Securing Your ArcGIS Maps: A Government IT Director's Guide to Preventing Accidental Data Exposure

Government GIS infrastructure contains sensitive data including facility locations, utility networks, and emergency routes. Here's how to prevent accidental data exposure.

Tony Diaz ·

Government GIS infrastructure contains sensitive data including facility locations, utility networks, and emergency routes — targets for adversaries. An October 2025 breach saw Chinese state-sponsored hackers maintain ArcGIS server access for over a year through weak administrator credentials.

The Stakes: Why GIS Security Matters for Government

Government mapping systems contain critical infrastructure coordinates, emergency response data and evacuation routes, facility information and security details, utility network topology, and sensitive planning data. CISA has warned of increasing nation-state targeting of GIS systems.

Case Study: Flax Typhoon ArcGIS Compromise

A sophisticated attack succeeded through weak passwords on a portal administrator account. The connection between public portal and internal servers created lateral access, and attackers weaponized Java Server Object Extensions to function as web shells, disguising malicious traffic as routine operations. The attack went undetected for over 12 months, and malware embedded in backups complicated recovery.

Common ArcGIS Misconfigurations

Overly Permissive Sharing Settings — Users can inadvertently expose sensitive feature layers by sharing with “Everyone.” Esri’s Public Data Collection setting provides safeguards but remains underutilized.

Weak Authentication Practices — Weak passwords, missing multi-factor authentication, shared accounts, exposed API keys in repositories, and long-lived tokens without expiration.

Network Architecture Issues — Many deployments connect public-facing portals directly to internal servers without Web Application Firewall protection or adequate segmentation.

Outdated Software — Esri releases regular security patches addressing reflected XSS, server-side request forgery, directory traversal, and authentication bypass vulnerabilities.

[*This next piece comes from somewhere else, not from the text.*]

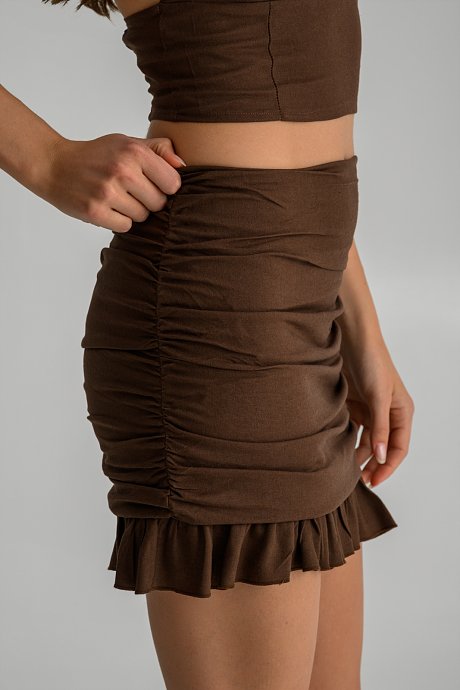 Mini linen skirt with shirring details and ruffles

Security Hardening Checklist

Enforce MFA on administrative accounts. Implement strong 16+ character passwords. Apply the principle of least privilege. Audit admin access quarterly. Rotate API keys every 90 days. Run security scanning tools monthly. Audit all publicly shared items. Deploy a Web Application Firewall. Segment public portals from internal servers. Subscribe to Esri security advisories and apply critical patches within 14 days.

Conclusion

GIS security requires continuous practice rather than one-time configuration. Monthly security scanning, quarterly credential rotation and access audits, and annual comprehensive assessments should be standard practice. Nation-state actors view government mapping systems as high-value intelligence targets — security posture should reflect this threat reality.